The tradition of rewarding mega-donors and fundraisers with fine ambassadorships goes back scores of years and through many presidencies.

Wednesday’s report that President Obama intends to name major contributor Bruce Heyman to be ambassador to Canada is hardly an exception. He would replace another Chicagoan and major 2008 campaign fundraiser David Jacobson.

Many major contributors, we understand, were called after the election and asked if “they might want to serve” in the administration. Somewhere overseas, perhaps?

But sometimes embassies are straight-up bought before an election, a Loop Fan reminded us after seeing an item on Obama’s selection of Caroline Kennedy for Japan that referred to President Richard M. Nixon’s thoughts on ambassadorial appointments.

There was the delightful case of Ruth Farkas, our reader reminded us, Nixon’s ambassador to Luxembourg. Nixon’s lawyer, Herbert Kalmbach, testified under oath in 1974 that a senior Nixon aide asked him in 1971 to call Farkas, whose husband owned a clothing store chain.

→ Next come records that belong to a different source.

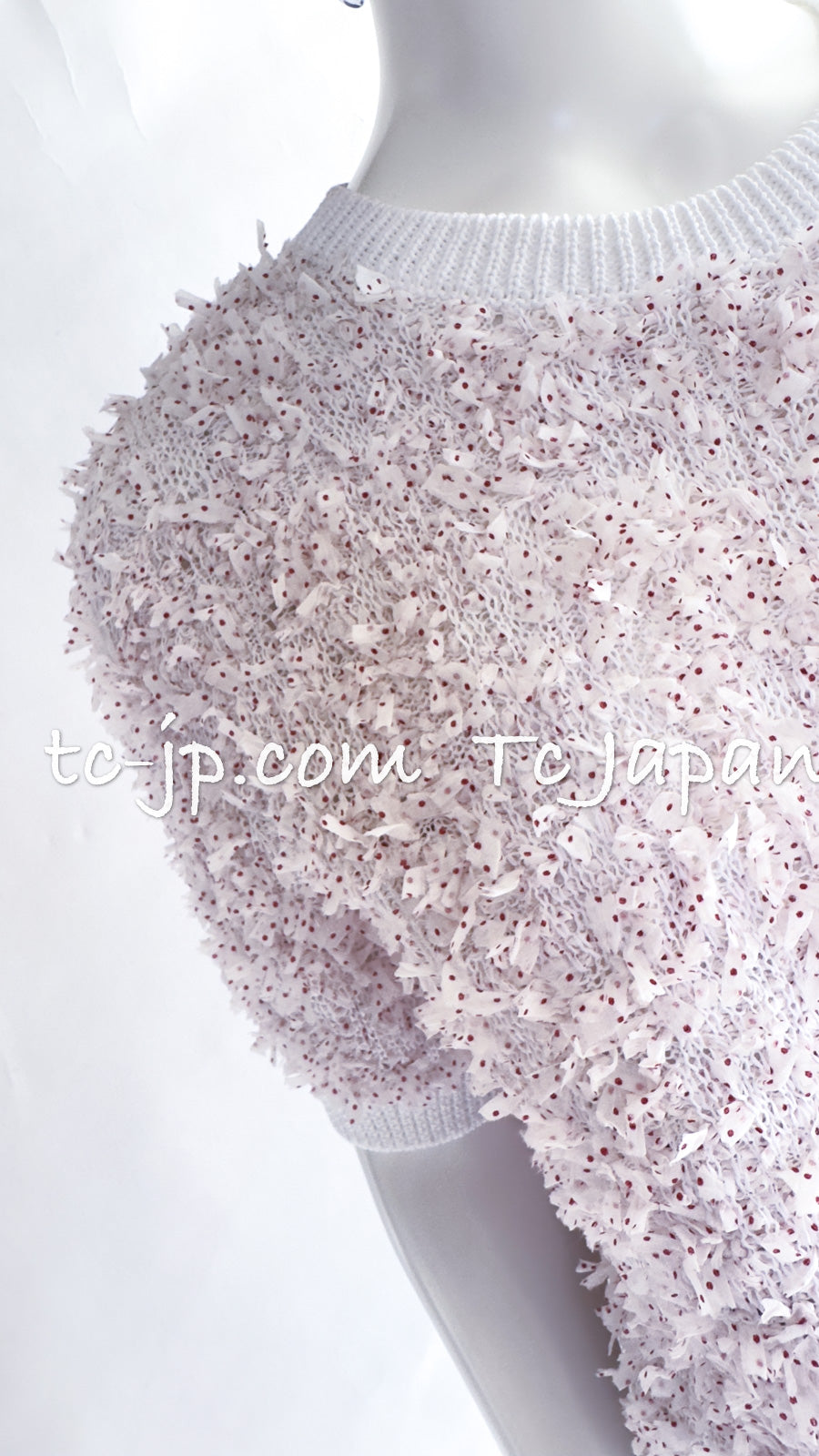 CHANEL 16C White Red Dot Ribbon Embellishments Knit Pullover Sweater Tops 36 40 42 シャネル ホワイト レッド ドット リボン ニット プルオーバー セーター トップス 即発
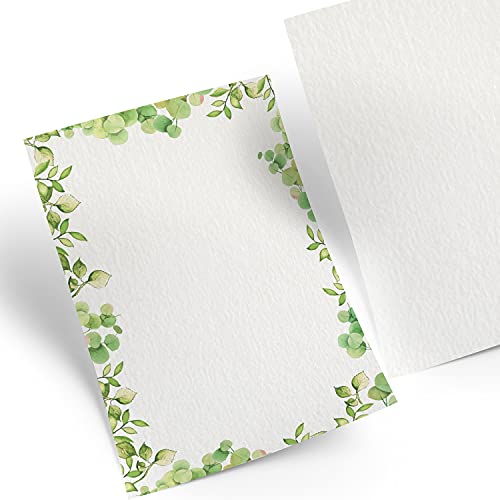 Logbuch-Verlag 100 Blatt Eukalyptus weißes Briefpapier mit grünen Blättern 100g Druckerpapier Einladungen DIN A4 Hochzeit Fest von Logbuch-Verlag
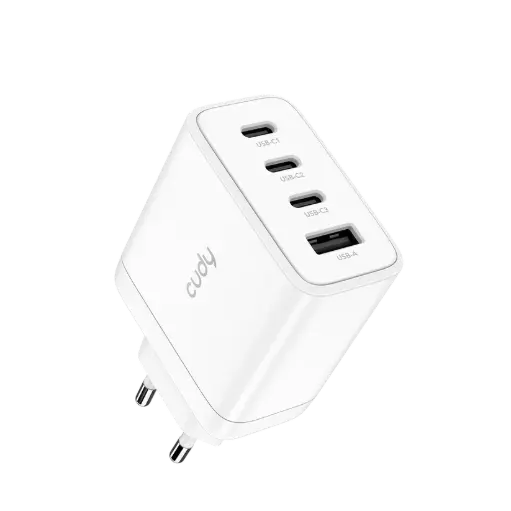 [CH70] شاحن USB-C بقدرة 65 واط GaN رباعي المنافذ مع قابس أوروبي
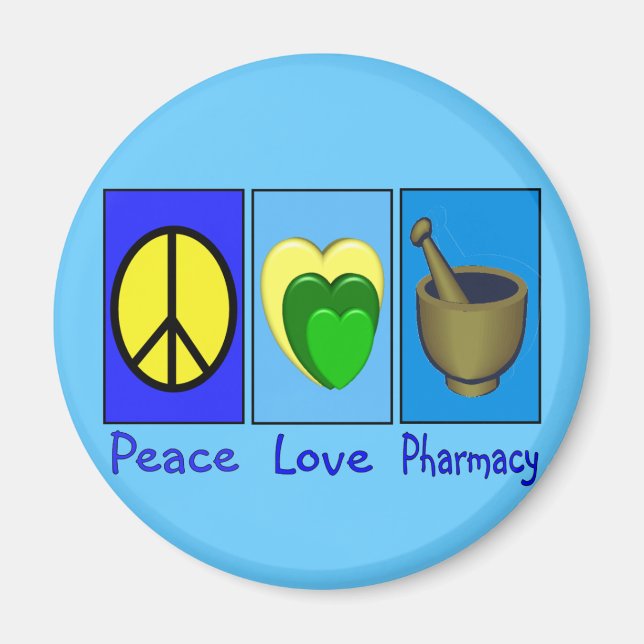 Peace Love Pharmacy Magnet (Front)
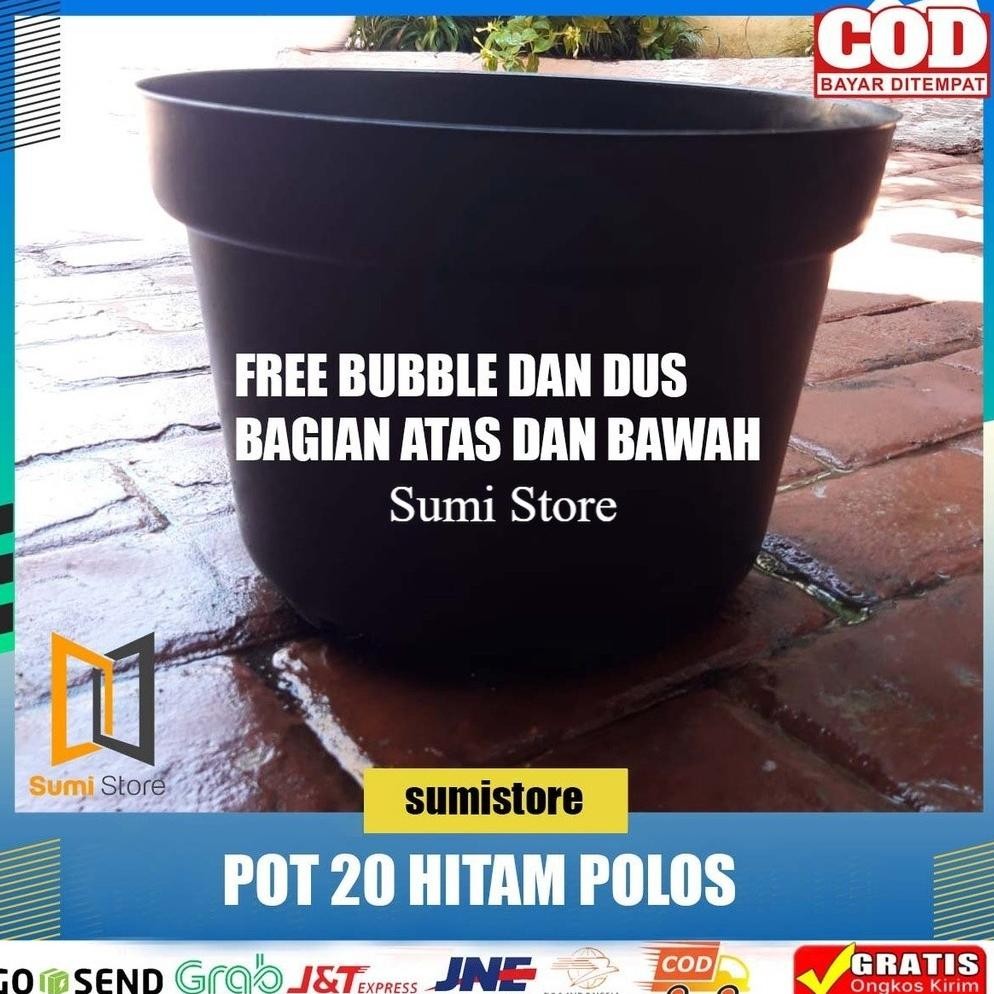 Pot Bunga Tanaman Plastik Hitam 20 - Pot Hitam 20 Cm New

“She is interested in giving $250,000 for Costa Rica,” Kalmbach said the aide told him, according to an account in the New Republic by our colleague Walter Pincus. (That was a huge amount to contribute in those days.)

Kalmbach said he met with Farkas and she had said “words to the following effect: She said, ‘Well, you know, I am interested in Europe, I think, and isn’t $250,000 an awful lot of money for Costa Rica?’ ”

Farkas donated $300,000 to the reelection campaign and ended up in Luxembourg. She may have thought she paid too much for that tiny country, but apparently she did a fine job there.